CBC Radio Interview

Posted by Suzanne de la Barre

While in Whitehorse, students were given an opportunity to go live on CBC North’s Yukon morning show – A new day hosted by Sandy Coleman.  On March 2nd, Suzanne was accompanied on by Erin, Nobeia, and Anna to discuss how the students were enjoying their time in the Yukon, how they hoped to apply their knowledge, and what else they were learning while studying winter tourism in the Yukon.

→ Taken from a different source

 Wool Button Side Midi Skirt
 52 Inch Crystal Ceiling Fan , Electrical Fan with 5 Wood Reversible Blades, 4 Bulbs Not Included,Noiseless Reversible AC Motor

To listen to this interview, follow this link:


Yukon Wildlife Reserve and Takhini Hot Pools – Day Six

Posted by Yan on behalf of the students.

Today was such a sunny day, we began our last day of this field trip at the Bean North Café. We had some nice soups, fresh bagel sand some cookies for dessert. We then went to the Yukon Wildlife reserve which is a unique wildlife viewing opportunity featuring 12 species of northern Canadian mammals. Our tour guide Lindsey took us on a 5 km loop around the area and we got to see the wood bison, Canada lynx, arctic foxes, woodland caribou, thin horn sheep, mountain goat and more. Lindsey also explained to us that the animals here have plentiful space, are well-cared for and healthy. Yukon Wildlife reserve offers a very educational tours, interpretive tours to all visitors, and some workshops for people as well.

We then came to the famous Takhini Hot Pools! The hot springs have been operated for more than 100 years. It has a relaxing 36° and 42° Celsius, with water entering the pool at 47 degrees. The water in the pool is natural and rich in minerals. The students indeed enjoyed the warm water after spending some time outside in -18° cold air. They dipped their hair in the water and tried the hair freezing contest.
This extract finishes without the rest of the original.